Pourtant, notre ordre juridique impose déjà des limites claires pour empêcher l’éventualité que des revendications qui portent atteinte à nos valeurs démocratiques aboutissent. Voici quelques réponses aux craintes qui reviennent fréquemment dans le débat actuel :
-Voile et burqa : il serait contraire à nos valeurs que la Suisse, pays de liberté, empêche les femmes qui voudraient librement porter le voile de le faire, car cela relève de la liberté personnelle. Quant à la burqa, ce problème est bien éloigné de la communauté musulmane suisse, qui vient pour plus du 80% des pays des Balkans, où la burqa ne fait pas partie des traditions. Utiliser le symbole de la burqa, l’habillement des femmes musulmanes dans quelques pays du Moyen-Orient, comme prochaine étape d’une prétendue islamisation de la Suisse est donc particulièrement fallacieux dans un débat sur l’islam en Suisse.
-dispenses de cours : les partisans de l’initiative anti-minarets agitent aussi le spectre de musulmans qui ne voudraient pas s’intégrer, dès la scolarité, pour des raisons religieuses. Mais cette peur ne résiste pas à l’épreuve de la réalité : nos tribunaux refusent en principe ce genre de dispenses (le Tribunal Fédéral a au l’occasion de développer les nécessités de l’intégration des écoliers à toutes les activités scolaires dans un arrêt du 24 octobre 2008). Le refus de telles dispenses touchent d’abord…les chrétiens! Ils sont en effet plus nombreux à demander des dispenses de cours pour raisons religieuses que les musulmans.
-carrés musulmans dans les cimetières : les carrés musulmans n’ont provoqué aucun problème. Cela n’empêche pas les initiants de les dépeindre comme une menace. Au nom de quoi? On n’a toujours aucune réponse. D’autant qu’une telle interdiction de carrés musulmans dans nos cimetière serait contraire à la liberté de religion. La mort et l’inhumation sont dans toutes les cultures étroitement liées aux pratiques religieuses. Vouloir imposer la même inhumation, les mêmes tombes, le même rituel pour tous quelle que soient les croyances du défunt et de sa famille, viole la liberté religieuse.
-soins hospitaliers : les partisans de l’initiative anti-minarets jouent sur la médiatisation d’affaires qui concernent des musulmans refusant les soins d’un soignant de l’autre sexe.

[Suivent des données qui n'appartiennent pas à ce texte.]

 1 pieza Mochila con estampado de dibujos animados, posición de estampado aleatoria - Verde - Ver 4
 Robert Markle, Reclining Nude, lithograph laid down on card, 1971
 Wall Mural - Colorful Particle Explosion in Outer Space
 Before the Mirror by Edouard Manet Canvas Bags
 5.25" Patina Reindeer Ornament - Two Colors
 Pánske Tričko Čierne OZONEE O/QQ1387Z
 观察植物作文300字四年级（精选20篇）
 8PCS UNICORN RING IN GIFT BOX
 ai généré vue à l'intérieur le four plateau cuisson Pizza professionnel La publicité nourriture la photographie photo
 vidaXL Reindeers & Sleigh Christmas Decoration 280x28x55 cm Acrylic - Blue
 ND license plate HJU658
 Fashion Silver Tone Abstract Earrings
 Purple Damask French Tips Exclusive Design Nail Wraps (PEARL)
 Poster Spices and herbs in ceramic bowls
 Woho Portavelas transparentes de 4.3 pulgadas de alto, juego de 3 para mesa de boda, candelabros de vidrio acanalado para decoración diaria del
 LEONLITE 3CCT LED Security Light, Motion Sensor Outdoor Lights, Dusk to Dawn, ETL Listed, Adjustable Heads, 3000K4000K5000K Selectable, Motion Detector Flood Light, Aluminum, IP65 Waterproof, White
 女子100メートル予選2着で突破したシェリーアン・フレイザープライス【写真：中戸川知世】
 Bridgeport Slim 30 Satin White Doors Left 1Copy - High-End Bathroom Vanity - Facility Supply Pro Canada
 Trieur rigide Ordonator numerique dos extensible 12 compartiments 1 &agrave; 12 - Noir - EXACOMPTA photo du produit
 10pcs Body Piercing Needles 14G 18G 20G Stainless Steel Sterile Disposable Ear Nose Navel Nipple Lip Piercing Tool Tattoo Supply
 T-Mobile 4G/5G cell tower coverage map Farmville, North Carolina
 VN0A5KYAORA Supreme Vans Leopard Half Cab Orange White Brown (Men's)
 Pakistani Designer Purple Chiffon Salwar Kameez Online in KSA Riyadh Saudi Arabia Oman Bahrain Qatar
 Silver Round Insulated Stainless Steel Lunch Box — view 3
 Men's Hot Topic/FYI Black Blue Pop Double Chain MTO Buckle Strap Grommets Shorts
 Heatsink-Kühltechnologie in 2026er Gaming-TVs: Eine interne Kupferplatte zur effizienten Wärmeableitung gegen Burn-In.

Mais ces affaires, qui sont rares mais très médiatisées, ne surviennent pas en Suisse, qui connait une communauté musulmane d’origine européenne et bien intégrées, pour qui le contact avec des soignants de l’autre sexe ne pose en général pas de problème. D’ailleurs, il est intéressant de constater que les initiants ne donnent jamais d’exemples suisses. Quand on n’a pas de problèmes chez nous, rien ne sert de les inventer!
-tribunaux islamiques : là encore, jamais un musulman en Suisse n’a demandé l’application de la charia. Et d’ailleurs, comme pour la non-mixité dans les soins hospitaliers, les initiants sont bien en peine de nous donner un exemple concret d’affaires se réglant par la charia en Suisse. Cela relève avant tout d’un fantasme, largement alimenté par les médias qui nous rapportent de tels cas dans des pays autoritaires bien éloignés du nôtre, que ce soit sur le plan politique ou géographique.
En réalité, cette campagne nous montre que les plus méfiants envers l’ordre juridique suisse sont les partisans de l’initiative, car ils ne font pas confiance à nos institutions pour apporter des réponses claires aux questions posées par nos minorités religieuses. Or, ces réponses existent et notre droit a déjà posé une frontière claire qui prend en compte liberté religieuse des minorités et respect de nos valeurs.
Mais surtout, il est délicat d’agiter le spectre de supposées revendications sans exemples précis et solides. Des exemples qu’on attend toujours. Le 29 novembre, je ferai confiance à mon pays, à son ordre juridique et à ses institutions qui traitent déjà efficacement des questions posées par l’islam en suisse. Je voterai donc NON à l’initiative anti-minarets.